Pillay is a former federal prosecutor and partner at law firm Jenner & Block. She looked at how customer cryptocurrency was stored at Celsius, the accuracy of the company’s public representations, whether new deposits were used to pay existing customers, the status of the company’s mining business and tax compliance.

“Celsius promoted itself as an altruistic organization,” Pillay wrote. However, “Behind the scenes, Celsius conducted its business in a starkly different manner than how it marketed itself to its customers in every key respect.”

The deception began immediately, Pillay found, when the Celsius initial coin offering in March 2018 failed to raise the hoped-for $50 million, coming in at $32 million. The Celsius community was not told of the shortfall. Nor did founder Alex Mashinsky make good on his promise to buy any unsold tokens.

Further, Pillay documented how the company and Mashinsky personally exerted control over the price of the native CEL token. That effort was not wholly successful, in part due to accounting shortcomings. As a result:

“Celsius did not earn sufficient yield on its crypto asset deployments to fully fund its CEL buybacks.
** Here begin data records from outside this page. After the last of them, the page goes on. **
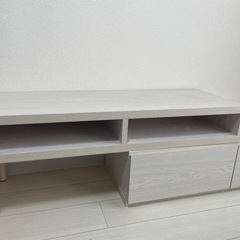 おしゃれテレビボードの画像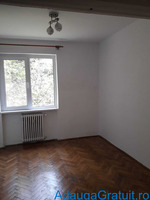 Închiriez apt2 cam nemobilat Baba Novac stradal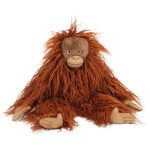 Moulin Roty: Maskotka mały orangutan 42cm DOOKOŁA ŚWIATA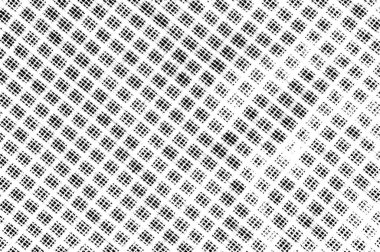 Siyah beyaz grunge. Vektör monokrom dokusu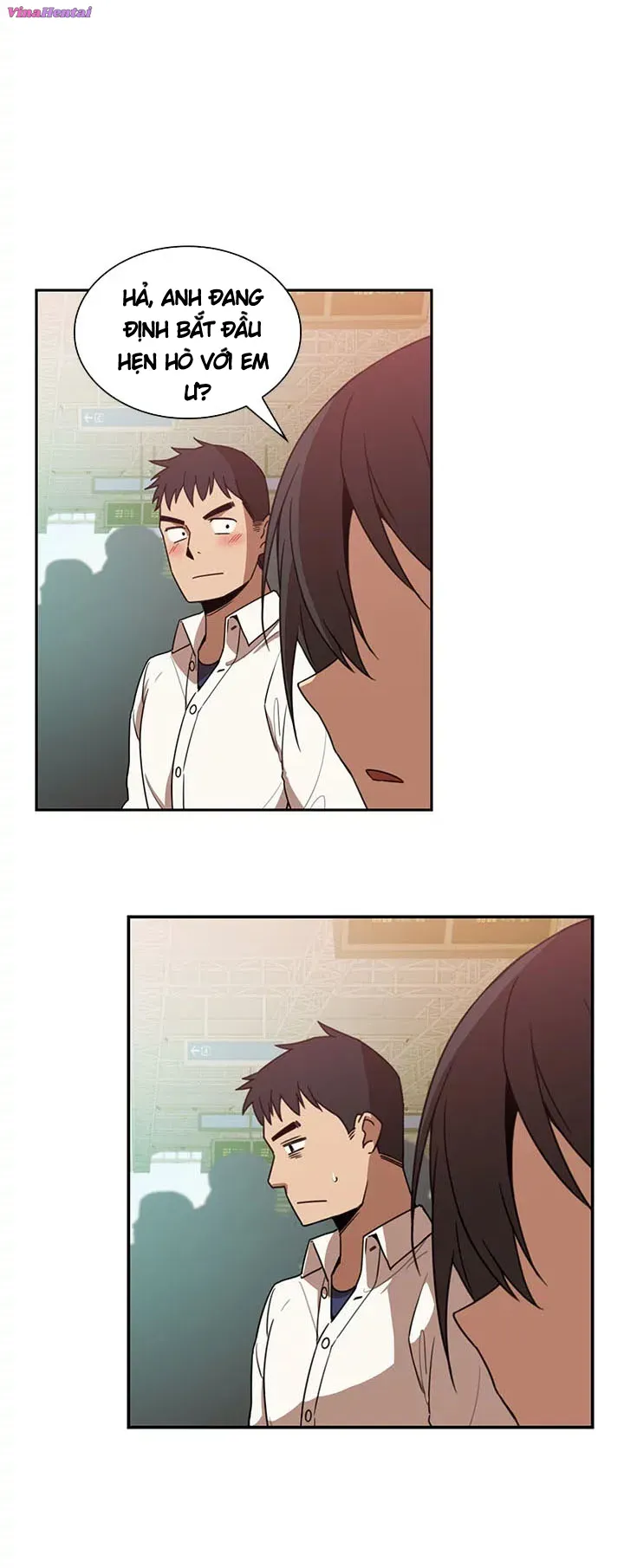 HentaiVN.net - Ảnh 26 - Như Một Người Hàng Xóm(End) - Chap 20: Thấu hiểu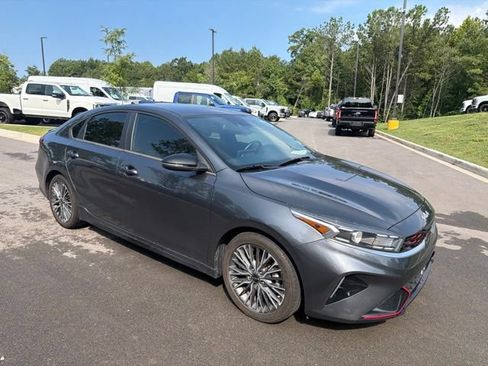 Used 2022 Kia Forte GT-Line FWD image 10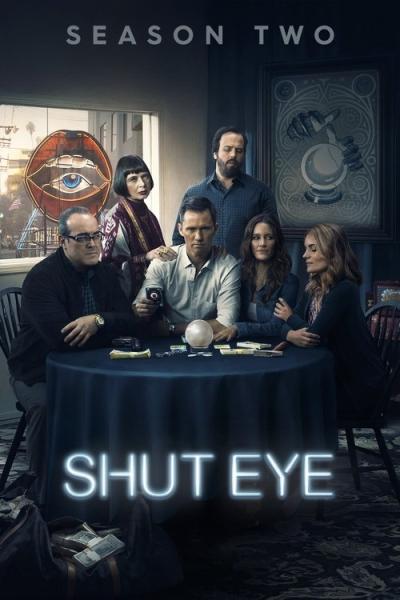 Shut Eye filmas online
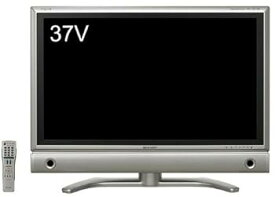 【中古】シャープ 37V型 ハイビジョン 液晶テレビ AQUOS LC-37GD7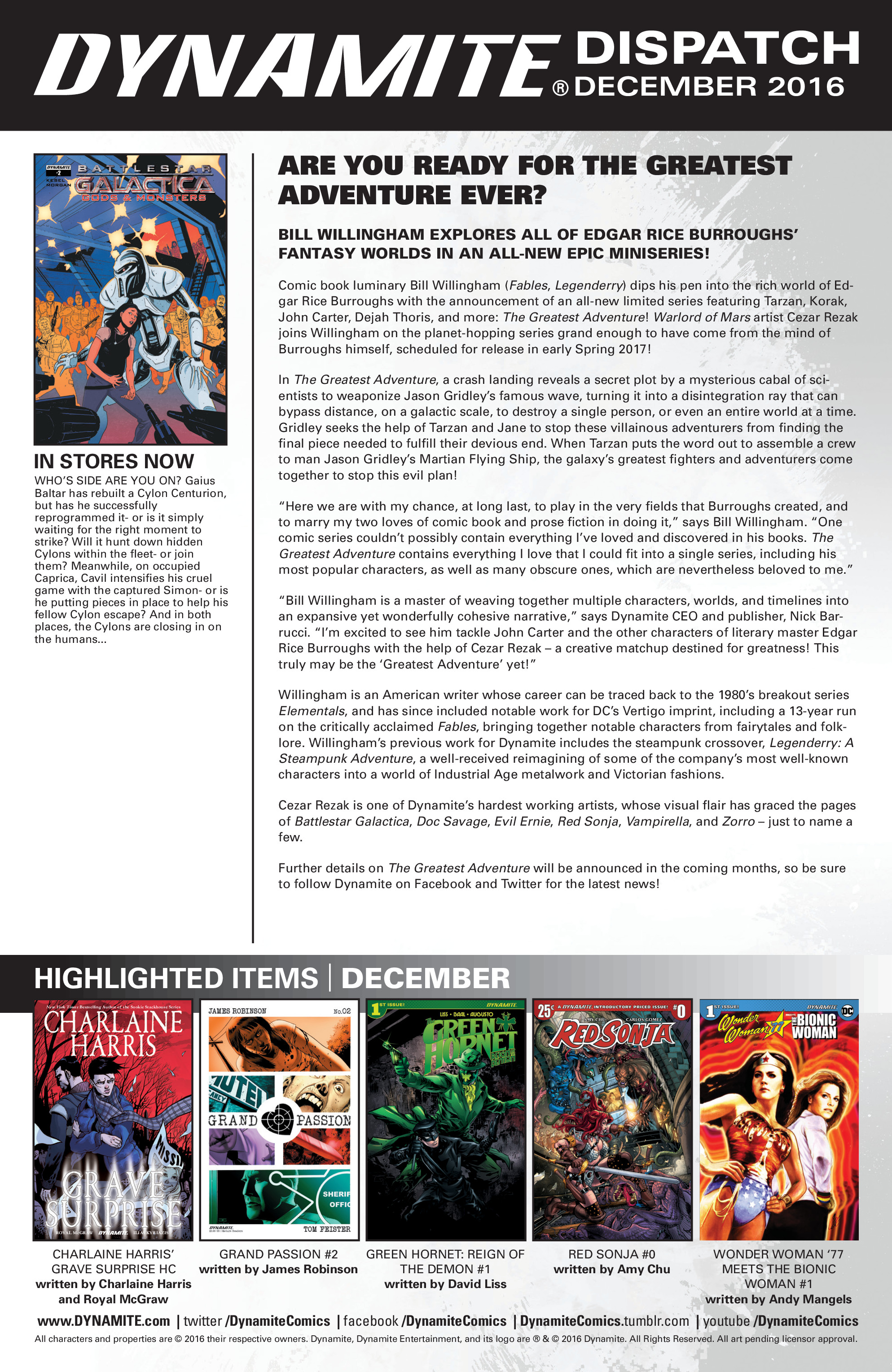 Read online Classic Battlestar Galactica (2016) comic -  Issue #5 - 24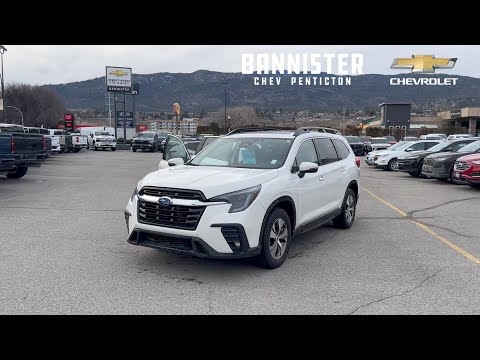 2023 Subaru Ascent Touring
As a result, it began using customer-deposited Bitcoin (BTC) and Ether (ETH) to fund its CEL purchases.”

In early 2021, as Bitcoin (BTC) and Ether (ETH) prices rose and customers withdrew more of the CEL cryptocurrency, Celsius “justified its use of customer deposits to fill this hole in its balance sheet on the basis that it was not selling customer deposits but instead posting them as collateral to borrow the necessary coins.”

Pillay noted that the Celsius coin deployment specialist described the actions as “very Ponzi-like” in internal communications. In addition, the company’s reward (interest) rates were not tied to yield generated from customer assets but were set to beat competitors’ offers. There was no policy for determining rewards until July 2021.

Between 2018 and June 30, 2022, the company paid out $1.36 billion more in rewards than the revenue customer assets generated.

By May 2022, as the price of the LUNA (LUNA) stablecoin plummeted, the company was no longer able to support the price of CEL. It paused withdrawals on June 13, but continued to pay rewards. At that point, the company was taking questionable measures. Pillay wrote:

“Between June 9 and June 12, Celsius did directly use new customer deposits to fund customer withdrawal requests.”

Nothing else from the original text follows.